しかしもし私たちが、嵐に翻弄された弟子たちのように、直面する人生の嵐だけを見てしまったら、共にいてくださるイエス様を見失います。私たちは、共にいてくださるイエス様に目を向け、イエス様に全ての問題を打ち明けて祈りましょう。イエス様は、私たちの手を取り、嵐を静め、導いてくださいます。

Ⅲ;平安を与えます

 嵐を静めるイエス様は、私たちの心に平安を与えてくださいます。イエス様が、荒れ狂う風を叱りつけられると、風はやみ、波は静まり凪に(穏やかに)なり、彼らは目的地に向かう事が出来ました。
 この時イエス様は、弟子たちに「どうして怖がるのですか。まだ信仰がないのですか。」と言われました。とても厳しい言葉のような感じがしますが、イエス様は、「恐れる必要はないよ。私を信じて信頼しなさい」と語りかけておられるのです。
 では弟子たちは、何を恐れたのでしょうか。弟子たちは、今まで経験したことのない嵐に直面したから恐れたのだと思います。漁師のペテロ、アンデレ、ヤコブ、ヨハネは、ガリラヤ湖の嵐を何度となく経験したことでしょう。今回の嵐は、彼らの経験を超えるほどの想定外の嵐であり、自分たちでは対応できなくて、どうなるのか分からないので恐れたのではないでしょうか。そしてこの恐れ、恐怖心が、イエス様への信仰を曇らせることとなったのです。

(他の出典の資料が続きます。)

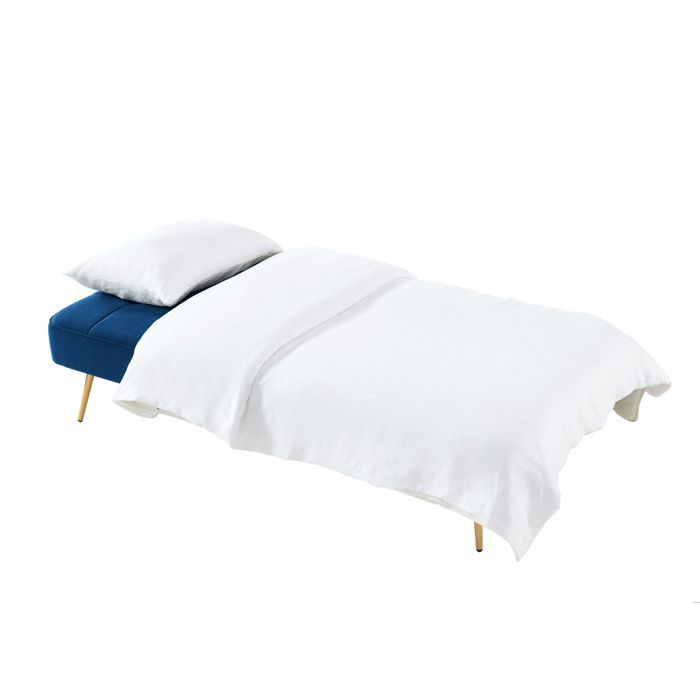 Sofá convertible de 3 plazas AROMA en terciopelo azul.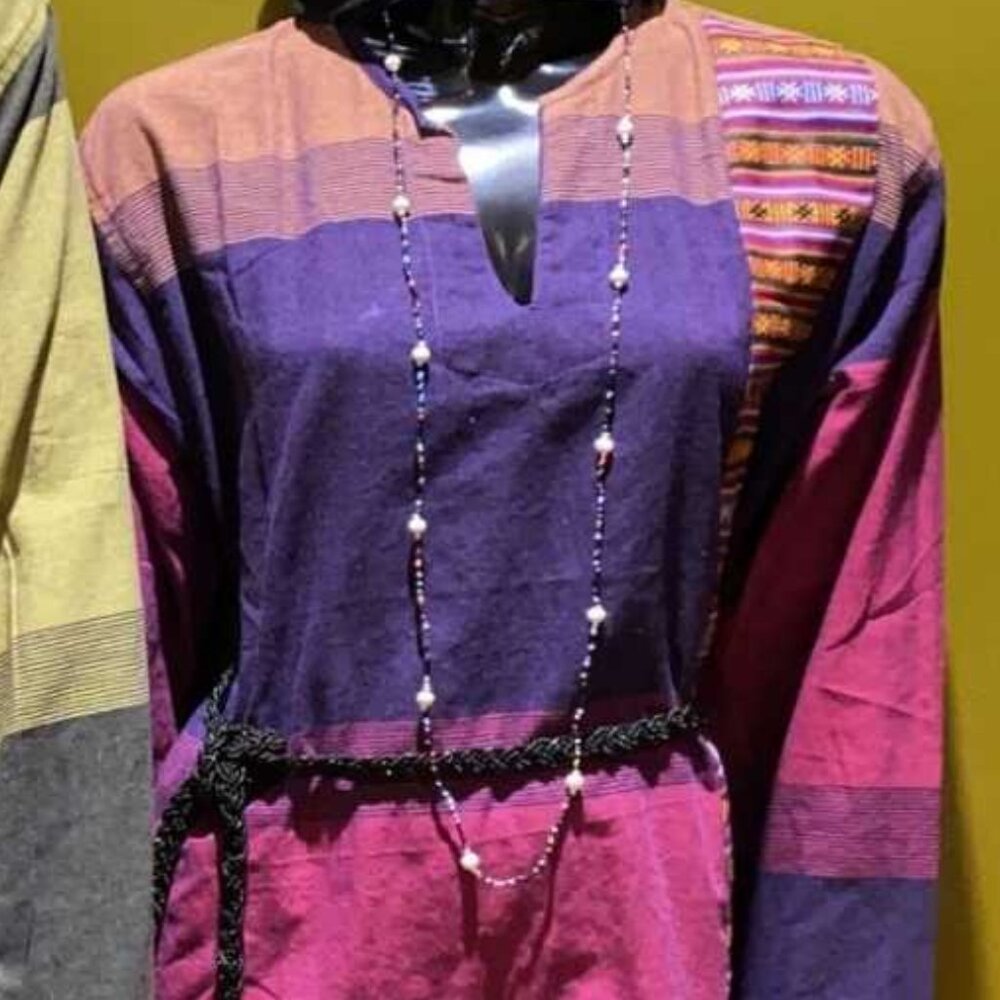 Cotton Bhutani Trim Long-Sleeve V-Neck Tunic - Tri Color (Purple)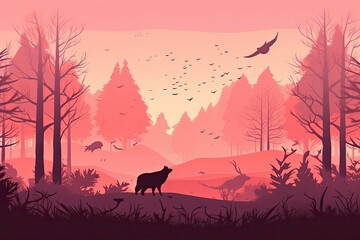 Magic misty forest in silhouette of bear. Trees, deer on meadow in grass, birds. Pink and orange wild landscape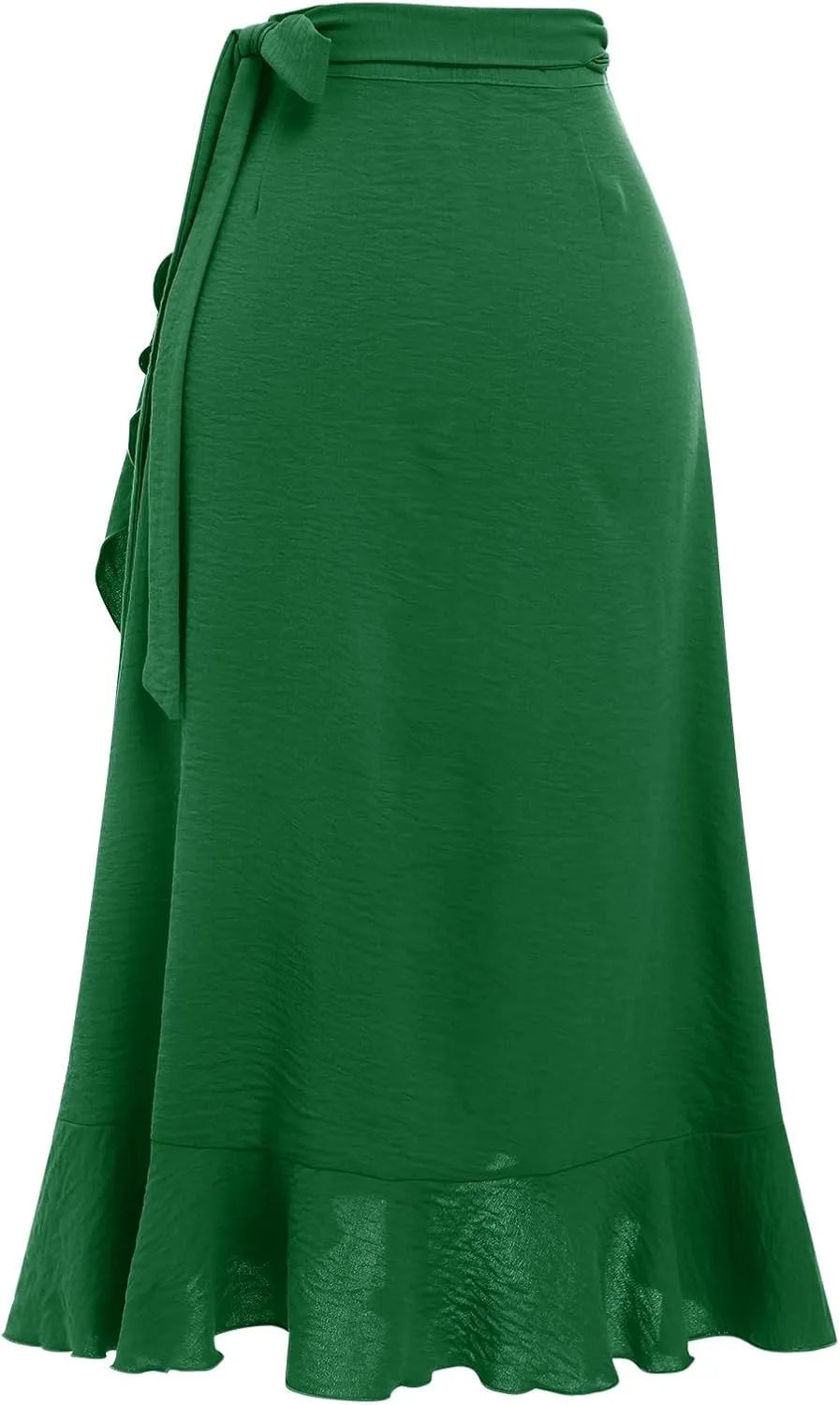 ODIZLI Women's Wrap Skirt High Waist Irregular High-Low Hemline Tie Waist Ruffle A-line Midi Skirt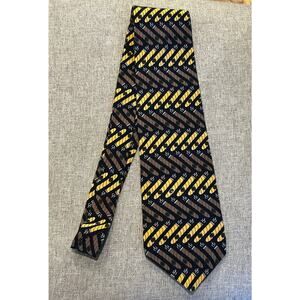 Vicky Davis Light Up Cigar Navy Blue 100% Silk Yellow Brown 4" Tie Neck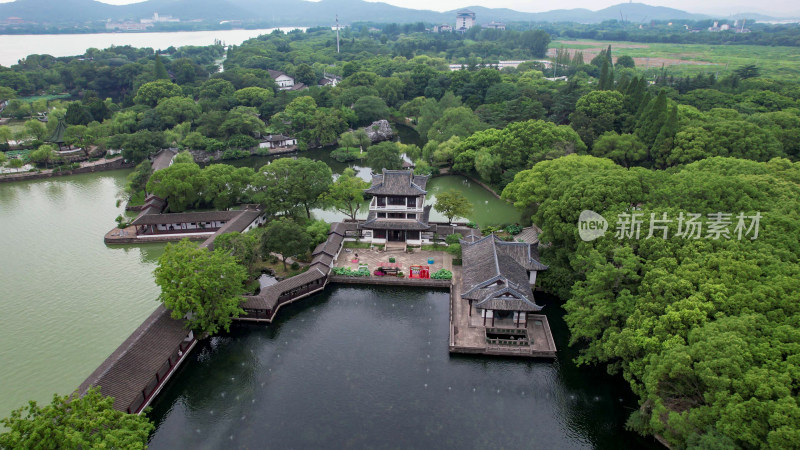 江苏无锡蠡园4A景区航拍图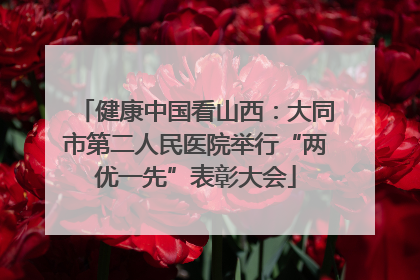 健康中国看山西：大同市第二人民医院举行“两优一先”表彰大会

 私たちも人生の嵐に直面する時に恐れを抱きます。その恐れはやはり、この先の人生がどうなるのか分からないという不安から来る恐れです。だからこそイエス様は、「恐れることはないよ。わたしが導くから」と声をかけてくださるのです。私たちは、不安になると心が荒れ狂い、先が見えなくなります。イエス様は、私たちの心を静め、凪の状態にしてくださいます。
神様は、「わたし自身、あなたがたのために立てている計画をよく知っている。―主のことば―。それはわざわいではなく平安を与える計画であり、あなたがたに将来と希望を与えるためのものだ(エレミヤ29:11)。」と約束してくださっています。私たちには、分からない将来の事について、神様は良く知っていてくださいます。それは、「平安を与える計画」だと神様は言われます。だから私たちは、神様に全てを任せて、イエス様を信頼して歩むことが出来ます。
 皆さん、嵐を静めるイエス様は、私たちと共にいてくださり、私たちの人生を導き、私たちの心に平安を与えてくださるお方です。

<祈り>
「愛する天の父なる神様、あなたの聖なる御名を賛美します。私たちは、イエス様が荒れ狂うガリラヤ湖の嵐を静められたように、私たちの人生の海の嵐も静めてくださるお方であることを信じます。私たちの人生は、私たちではどうすることも出来ない問題が起こり、不安になり右往左往することがあります。イエス様は、私たちと共にいてくださり、導き、平安を与えてくださる方であります。心から感謝します。イエス様、私たちの心を平安で満たしてください。
 神様、地震や大雨で被災している地域の上に慰めを与え、そこにいる人たちの生活を導いてください。世界に目を向けると多くの問題があります。神様、この世界に平和を与えてください。政治をつかさどるすべてのリーダーたちが、神様を求め正しい政治をすることが出来るように導いてください。
 神様、一人ひとりの今週の歩みを導いてください。暑い日が続きます。体調を崩すことがないように健康を守ってください。この祈りを私たちの救い主イエス・キリストの御名によってお祈りします。アーメン。」